You called yourself my friend, while behind my back you were fooling around with my boyfriend...repeatedly and for months. When I was out of town...in my old house, my new house, my car, my bed. My bed for God's sake, you don't know how you've desecrated the places I must be in every day.
When my instinct told me something was happening I lashed out at you even though I felt bad doing so without proof. But you were my friend (I thought) so I went to you and cried to you, apologizing. Your casual forgiveness and false morals were a blatant lie: all the time I was right and my behavior was deserved.

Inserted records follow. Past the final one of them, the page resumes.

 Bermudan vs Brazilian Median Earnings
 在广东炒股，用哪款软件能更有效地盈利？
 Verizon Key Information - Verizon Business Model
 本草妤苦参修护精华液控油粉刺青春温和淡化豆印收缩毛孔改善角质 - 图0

You watched my life fall to pieces because of you and let it because you couldn't pick one from the hordes around you, you had to take what was mine. You came to my house and hung out like nothing was wrong, let me drive you to a concert three hours away and back where you groped him with me not a foot away. My family accepted you into their home; I cried inside, watching you put on your airs, seeing how familiar you were with him, how your body was tilted towards him... I knew, the whole time I knew, since the very first day.

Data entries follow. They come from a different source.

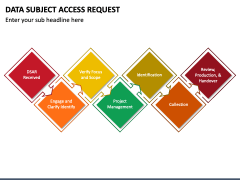 Data Subject Access Request (DSAR) PowerPoint and Google Slides ...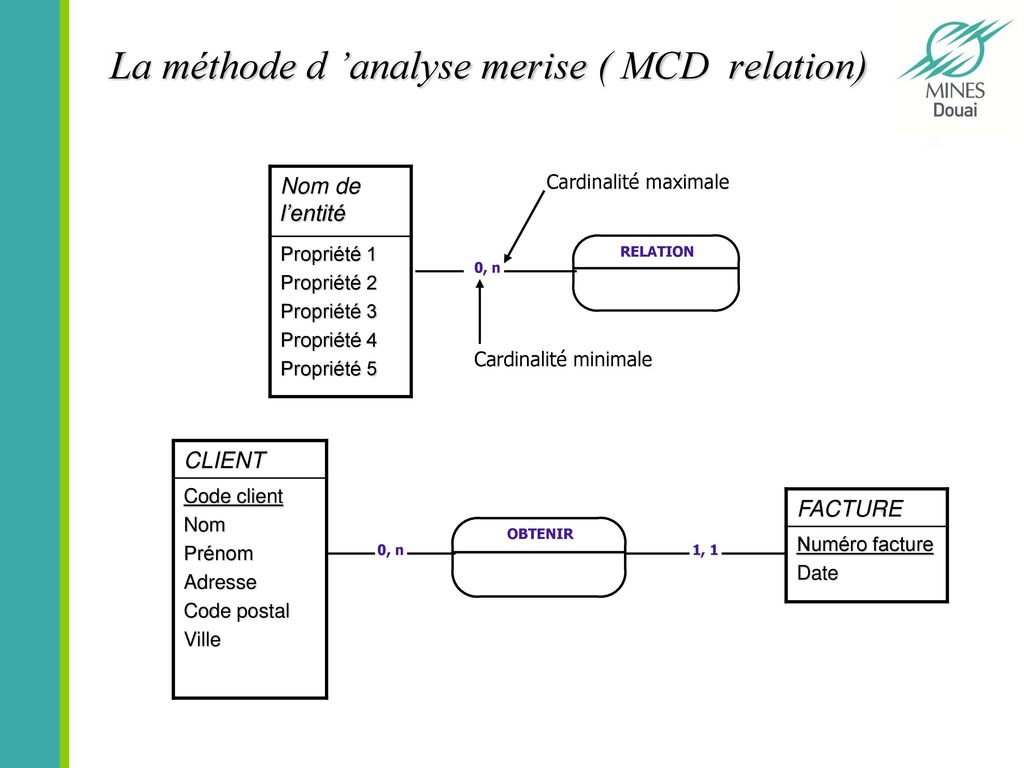 La méthode d ’analyse merise ( MCD relation)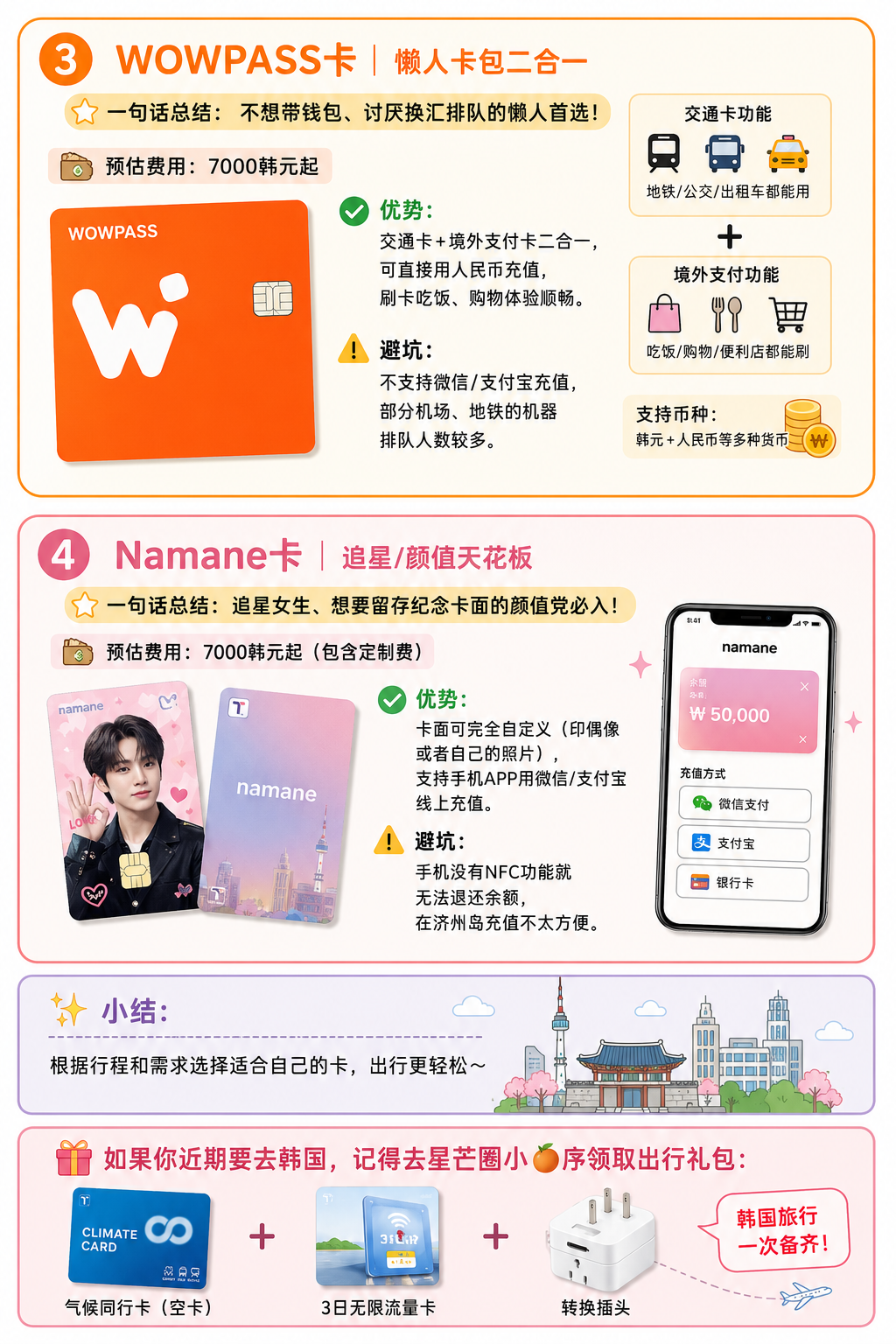 韩国交通卡怎么选？第一次去韩国，看这一篇就够了！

Eight months of my life is gone because of you. I lost myself, I hurt myself, every day I wanted to die. Almost every night I wake up crying, every hour I am angry. Because of what you did.
Every shred of respect I had for you is gone, you lying, backstabbing cunt. Fuck you. Someday revenge will find you, with or without me. I hope you suffer miserably, I hope the person you least expect will trample on your heart, beat it and stab it and leave bruises that will never heal.
"Men are not punished for their sins, but by them."